Claudio Magris, Vous comprendrez donc


Magris

Dans la mythologie grecque, Eurydice est l'épouse – heureuse – du poète Orphée. Elle meurt prématurément, mordue par un serpent venimeux. Orphée plaide alors si bien sa cause qu'Hadès, dieu des enfers, l'autorise à venir la rechercher et la ramener sur terre, à une seule condition : qu'il ne la regarde pas tant qu'elle n'a pas rejoint la lumière du soleil. Guidée par le son de la lyre de son amant, Eurydice le suit sur le chemin du retour à la vie. Mais à quelques pas de la sortie, Orphée se retourne pour vérifier qu'elle le suit toujours... et il la perd à jamais.

«Non, je ne suis pas sortie, Monsieur le Président, comme vous le voyez, je suis ici. Merci encore pour l'autorisation spéciale, vraiment exceptionnelle, je m'en rends compte,ne croyez pas que je ne vous en sois pas reconnaissante; lui aussi il était très ému, il n'aurait jamais cru l'obtenir quand il l'a demandée, cette permission de venir dans la Maison, de venir me chercher.» : C'est ainsi que commence le court roman de Claudio Magris, un texte qui mêle philosophie et poésie. Il imagine une Eurydice d'aujourd'hui, dans la semi-obscurité de la «Maison» où elle a décidé de rester, alors qu'elle aurait pu rejoindre l'homme qu'elle aime passionnément dans le royaume des vivants. Avec le récit de leur histoire, elle donne au «Président» les raisons qui l'ont fait agir de la sorte, dans un ultime sacrifice, par amour.  «Vous comprendrez donc, Monsieur le Président, pourquoi, alors que nous étions désormais tout près des portes, je l'ai appelé d'une voix forte et assurée, la voix que j'avais dans ma jeunesse, de l'autre côté, et lui – je savais qu'il ne résisterait pas – il s'est retourné, tandis que moi je me sentais aspirée en arrière, légère (...)»

Par ce magnifique monologue, Magris donne à cette nouvelle version du mythe, une place centrale à Eurydice : la femme représente la puissance et l'homme la fragilité. Son mari ne peut rien sans elle, il lui doit tout. Vivante, elle avait un rôle essentiel dans son œuvre poétique comme dans sa vie. Morte, elle lui donne la force et la chance d'être peut-être encore heureux un jour, ignorant du néant. 

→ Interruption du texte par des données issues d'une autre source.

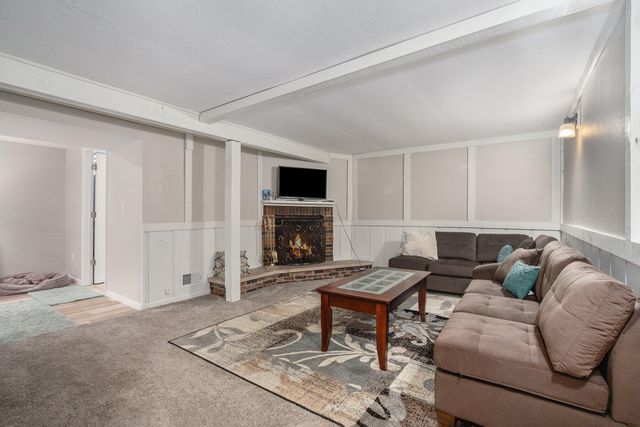 920 Cheboygan Drive, Laketon Twp, MI 49445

L'Université de Liège avait eu le grand plaisir d'accueillir Claudio Magris lors du Festival littéraire international Mixed Zone. L'auteur y a notamment présenté son dernier roman traduit en français Classé sans suite.

Claudine Simart
Service Culture

 

Claudio Magris, Vous comprendrez donc, L'Arpenteur, trad. fr par Jean et Marie-Noëlle Pastureau, 2008, 64 p.